Inevitably (One Manner of Reckoning Malevolent Forces)
Inevitably, darkness enters the realm of that which has light. Inevitably, death crawls toward that which is vibrant or teeming with life. The moss that grows on a smooth stone. The vines that overtake a pristine wall.
It is the nature of gravity to conquer that which aims to float. For this, we can deduce that reality may be comprehensible. What grows and blossoms will shrink and reduce on its return. Our world which had been expanding reaches a boundary, and human activity becomes limited to that which is immediately necessary.
How hard is it to understand the world and what lies beyond if we think of abstractly? How much easier it is if we simply observe all that exists. Like a cone, the nature of life provides an opening and a closing, that which spirals open and that which weighs things downwards. Thus, one reaches a place where the teachings of God or religion meets physical laws.
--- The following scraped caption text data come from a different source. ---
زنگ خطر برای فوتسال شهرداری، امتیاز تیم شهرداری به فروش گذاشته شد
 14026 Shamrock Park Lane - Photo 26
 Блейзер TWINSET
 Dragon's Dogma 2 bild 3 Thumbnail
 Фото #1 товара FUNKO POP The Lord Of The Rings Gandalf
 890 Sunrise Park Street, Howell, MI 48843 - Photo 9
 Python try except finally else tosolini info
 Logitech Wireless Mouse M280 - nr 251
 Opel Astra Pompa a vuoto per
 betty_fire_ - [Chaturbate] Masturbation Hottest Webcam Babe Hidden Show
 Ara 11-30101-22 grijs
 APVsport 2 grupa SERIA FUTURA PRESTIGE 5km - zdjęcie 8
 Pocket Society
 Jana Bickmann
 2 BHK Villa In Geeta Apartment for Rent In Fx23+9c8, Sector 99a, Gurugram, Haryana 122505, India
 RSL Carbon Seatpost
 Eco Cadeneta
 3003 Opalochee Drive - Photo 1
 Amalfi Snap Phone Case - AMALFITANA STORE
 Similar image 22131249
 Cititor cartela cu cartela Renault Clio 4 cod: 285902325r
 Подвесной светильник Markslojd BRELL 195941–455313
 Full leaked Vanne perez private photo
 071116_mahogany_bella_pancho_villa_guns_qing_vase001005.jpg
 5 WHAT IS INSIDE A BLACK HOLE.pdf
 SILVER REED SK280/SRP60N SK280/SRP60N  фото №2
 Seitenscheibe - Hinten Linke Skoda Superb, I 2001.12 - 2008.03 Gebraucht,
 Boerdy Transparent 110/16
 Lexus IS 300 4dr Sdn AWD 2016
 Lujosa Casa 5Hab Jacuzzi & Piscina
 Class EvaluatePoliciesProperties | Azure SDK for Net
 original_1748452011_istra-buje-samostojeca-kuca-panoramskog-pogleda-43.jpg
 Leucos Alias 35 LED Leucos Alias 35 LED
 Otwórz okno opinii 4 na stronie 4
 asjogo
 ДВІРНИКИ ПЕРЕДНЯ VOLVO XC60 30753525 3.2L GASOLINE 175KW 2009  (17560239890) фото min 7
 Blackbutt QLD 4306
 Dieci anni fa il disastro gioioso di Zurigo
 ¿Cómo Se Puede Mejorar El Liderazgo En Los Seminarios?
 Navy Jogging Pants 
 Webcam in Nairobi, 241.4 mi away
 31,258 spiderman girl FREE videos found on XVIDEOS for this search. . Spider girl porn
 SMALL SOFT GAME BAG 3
It is precisely because there is so much malevolence that threatens the innocent and benevolent that one should aim to produce more that is virtuous than wrong. It is easier to aim downwards and slide towards Hell than it is to ascend the stairway to Heaven. In a world of rebelliousness, courage should be a thing valued over vain acts that aim to disrupt that which is already wholesome. Why should one seek to fix what has not been broken?
It takes a minute to destroy what has taken years to erect. A bomb can demolish a steadfast wall within minutes. The short-term satisfactions of human greed, envy, jealousy, or lust promise less than what evidently takes more than a while to build. Therefore, the actions which descend from such negativity are not on the same plane as the positive and pure.
Reality should be observed. It does not ask to be constantly questioned. If our environments brings pain, injustice, or ruin, should civilisation not ask of itself how exactly it has missed the mark to begin with? One cannot heal deep wounds with superficial band-aids.
Inevitably, the quality of the time one spends in cultivating the good, the pure, the noble, the admirable, or the wholesome, is something to be valued. That which is fleeting is only so precious because it is not permanent. Should one seek to do harm to the truthful, veritable, or beautiful, one should remember that pain is a bottomless pit. Why waste time on entertaining the descent?
So many have been convinced by the inevitability of ruin that they have given up on searching for good. Is this not counter-intuitive to the original intent to extract sweetness from a life seemingly so punishing? If one can understand that two negative numbers will not add up to a positive solution, while noticing that adding a negative number to a positive one may result in a negative solution, then one can understand one of the meanings of life.
Inevitably, the world and productivity is fleeting. Inevitably, the external growth and expansion of a life or a project eventually come to a halt. Inevitably, balance is underrated. Inevitably, one should seek to ascend and prop up that which is still salvageable.